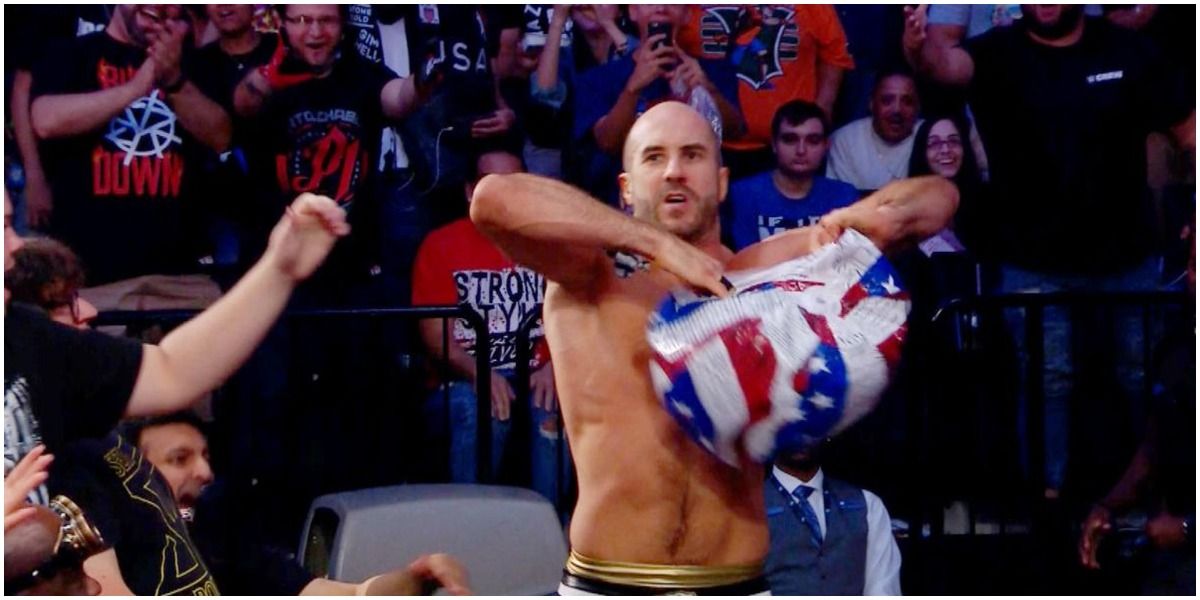 Cesaro tears up a beach ball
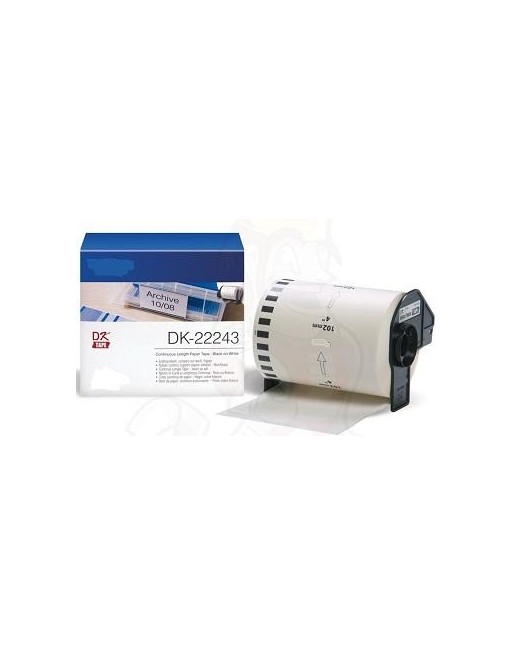 White 102mmX30.48m for Brother P-Touch QL1000 1050 1060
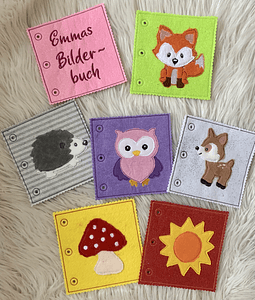 Stickdatei Bilderbuch Waldtiere Set 852 - Sewando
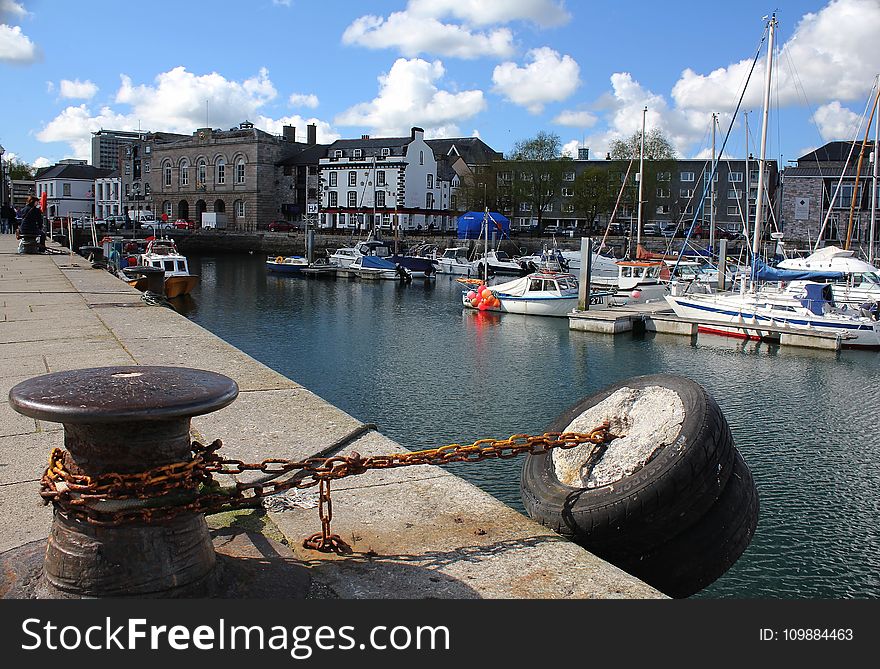 Bay, Boats, Buildings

WORK TO BE COMPLETED
The answer must be the data above, repeated exactly, with no pictures.

RESULT FOR THIS TASK
 Cesaro tears up a beach ball
 White 102mmX30.48m for Brother P-Touch QL1000 1050 1060
 Stickdatei Bilderbuch Waldtiere Set 852 - Sewando
 Bay, Boats, Buildings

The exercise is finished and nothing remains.